* Your instructions:
Up to and including the line with "Daffy Duck's Quackbusters", restate the material below word for word, beginning with its first line.

* Input records:
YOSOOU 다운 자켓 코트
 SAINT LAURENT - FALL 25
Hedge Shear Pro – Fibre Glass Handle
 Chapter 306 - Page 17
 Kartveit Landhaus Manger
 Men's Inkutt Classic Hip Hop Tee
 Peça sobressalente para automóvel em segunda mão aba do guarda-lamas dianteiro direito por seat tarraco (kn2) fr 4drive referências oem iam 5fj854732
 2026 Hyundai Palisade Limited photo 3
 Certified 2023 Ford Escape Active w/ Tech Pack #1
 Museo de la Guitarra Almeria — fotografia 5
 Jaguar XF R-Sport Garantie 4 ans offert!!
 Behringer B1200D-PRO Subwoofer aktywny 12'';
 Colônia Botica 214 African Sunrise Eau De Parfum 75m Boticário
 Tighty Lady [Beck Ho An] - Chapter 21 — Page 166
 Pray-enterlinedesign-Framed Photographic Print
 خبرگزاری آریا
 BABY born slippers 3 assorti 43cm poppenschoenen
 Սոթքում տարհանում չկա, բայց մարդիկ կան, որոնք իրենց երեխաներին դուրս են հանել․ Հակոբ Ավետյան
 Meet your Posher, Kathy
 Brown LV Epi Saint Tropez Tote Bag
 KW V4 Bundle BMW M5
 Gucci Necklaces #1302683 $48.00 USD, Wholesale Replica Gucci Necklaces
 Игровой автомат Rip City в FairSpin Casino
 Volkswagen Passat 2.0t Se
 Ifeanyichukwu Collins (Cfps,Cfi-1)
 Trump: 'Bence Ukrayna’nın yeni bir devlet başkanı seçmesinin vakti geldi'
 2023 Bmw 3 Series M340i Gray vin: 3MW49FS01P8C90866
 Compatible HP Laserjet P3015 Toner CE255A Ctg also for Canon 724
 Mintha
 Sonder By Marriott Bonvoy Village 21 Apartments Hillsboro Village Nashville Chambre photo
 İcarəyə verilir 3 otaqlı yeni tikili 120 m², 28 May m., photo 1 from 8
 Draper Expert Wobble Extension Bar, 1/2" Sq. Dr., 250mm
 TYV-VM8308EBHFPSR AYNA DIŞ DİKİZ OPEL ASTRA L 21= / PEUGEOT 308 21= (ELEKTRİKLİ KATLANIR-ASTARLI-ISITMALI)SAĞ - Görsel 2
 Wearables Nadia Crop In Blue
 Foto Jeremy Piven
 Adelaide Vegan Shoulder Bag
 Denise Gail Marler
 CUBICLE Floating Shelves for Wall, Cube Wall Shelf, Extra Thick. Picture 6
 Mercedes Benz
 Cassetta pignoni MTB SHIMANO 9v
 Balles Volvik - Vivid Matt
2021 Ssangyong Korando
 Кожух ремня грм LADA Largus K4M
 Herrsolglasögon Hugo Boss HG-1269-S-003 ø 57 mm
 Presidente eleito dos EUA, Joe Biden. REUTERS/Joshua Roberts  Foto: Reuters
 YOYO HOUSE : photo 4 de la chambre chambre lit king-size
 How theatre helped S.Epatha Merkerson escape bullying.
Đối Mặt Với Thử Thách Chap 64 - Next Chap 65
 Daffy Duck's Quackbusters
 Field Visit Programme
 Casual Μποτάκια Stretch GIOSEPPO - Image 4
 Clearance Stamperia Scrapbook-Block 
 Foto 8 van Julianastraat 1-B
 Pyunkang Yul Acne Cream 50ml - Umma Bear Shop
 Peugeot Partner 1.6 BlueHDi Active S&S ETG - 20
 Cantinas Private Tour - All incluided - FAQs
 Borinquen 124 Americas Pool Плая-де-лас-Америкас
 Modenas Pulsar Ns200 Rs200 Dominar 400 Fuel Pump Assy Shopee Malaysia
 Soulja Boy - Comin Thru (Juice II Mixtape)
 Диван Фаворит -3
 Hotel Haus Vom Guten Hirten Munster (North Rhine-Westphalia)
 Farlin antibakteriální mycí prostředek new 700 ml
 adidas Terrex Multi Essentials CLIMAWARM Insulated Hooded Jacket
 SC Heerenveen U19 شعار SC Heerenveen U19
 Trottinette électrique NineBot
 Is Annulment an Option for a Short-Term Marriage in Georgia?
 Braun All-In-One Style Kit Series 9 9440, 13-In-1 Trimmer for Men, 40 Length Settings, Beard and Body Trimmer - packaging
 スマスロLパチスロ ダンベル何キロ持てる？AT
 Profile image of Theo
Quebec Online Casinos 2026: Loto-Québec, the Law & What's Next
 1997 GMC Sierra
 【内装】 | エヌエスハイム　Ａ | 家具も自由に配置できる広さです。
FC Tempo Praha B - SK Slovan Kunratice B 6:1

* Output of the task:
YOSOOU 다운 자켓 코트
 SAINT LAURENT - FALL 25
Hedge Shear Pro – Fibre Glass Handle
 Chapter 306 - Page 17
 Kartveit Landhaus Manger
 Men's Inkutt Classic Hip Hop Tee
 Peça sobressalente para automóvel em segunda mão aba do guarda-lamas dianteiro direito por seat tarraco (kn2) fr 4drive referências oem iam 5fj854732
 2026 Hyundai Palisade Limited photo 3
 Certified 2023 Ford Escape Active w/ Tech Pack #1
 Museo de la Guitarra Almeria — fotografia 5
 Jaguar XF R-Sport Garantie 4 ans offert!!
 Behringer B1200D-PRO Subwoofer aktywny 12'';
 Colônia Botica 214 African Sunrise Eau De Parfum 75m Boticário
 Tighty Lady [Beck Ho An] - Chapter 21 — Page 166
 Pray-enterlinedesign-Framed Photographic Print
 خبرگزاری آریا
 BABY born slippers 3 assorti 43cm poppenschoenen
 Սոթքում տարհանում չկա, բայց մարդիկ կան, որոնք իրենց երեխաներին դուրս են հանել․ Հակոբ Ավետյան
 Meet your Posher, Kathy
 Brown LV Epi Saint Tropez Tote Bag
 KW V4 Bundle BMW M5
 Gucci Necklaces #1302683 $48.00 USD, Wholesale Replica Gucci Necklaces
 Игровой автомат Rip City в FairSpin Casino
 Volkswagen Passat 2.0t Se
 Ifeanyichukwu Collins (Cfps,Cfi-1)
 Trump: 'Bence Ukrayna’nın yeni bir devlet başkanı seçmesinin vakti geldi'
 2023 Bmw 3 Series M340i Gray vin: 3MW49FS01P8C90866
 Compatible HP Laserjet P3015 Toner CE255A Ctg also for Canon 724
 Mintha
 Sonder By Marriott Bonvoy Village 21 Apartments Hillsboro Village Nashville Chambre photo
 İcarəyə verilir 3 otaqlı yeni tikili 120 m², 28 May m., photo 1 from 8
 Draper Expert Wobble Extension Bar, 1/2" Sq. Dr., 250mm
 TYV-VM8308EBHFPSR AYNA DIŞ DİKİZ OPEL ASTRA L 21= / PEUGEOT 308 21= (ELEKTRİKLİ KATLANIR-ASTARLI-ISITMALI)SAĞ - Görsel 2
 Wearables Nadia Crop In Blue
 Foto Jeremy Piven
 Adelaide Vegan Shoulder Bag
 Denise Gail Marler
 CUBICLE Floating Shelves for Wall, Cube Wall Shelf, Extra Thick. Picture 6
 Mercedes Benz
 Cassetta pignoni MTB SHIMANO 9v
 Balles Volvik - Vivid Matt
2021 Ssangyong Korando
 Кожух ремня грм LADA Largus K4M
 Herrsolglasögon Hugo Boss HG-1269-S-003 ø 57 mm
 Presidente eleito dos EUA, Joe Biden. REUTERS/Joshua Roberts  Foto: Reuters
 YOYO HOUSE : photo 4 de la chambre chambre lit king-size
 How theatre helped S.Epatha Merkerson escape bullying.
Đối Mặt Với Thử Thách Chap 64 - Next Chap 65
 Daffy Duck's Quackbusters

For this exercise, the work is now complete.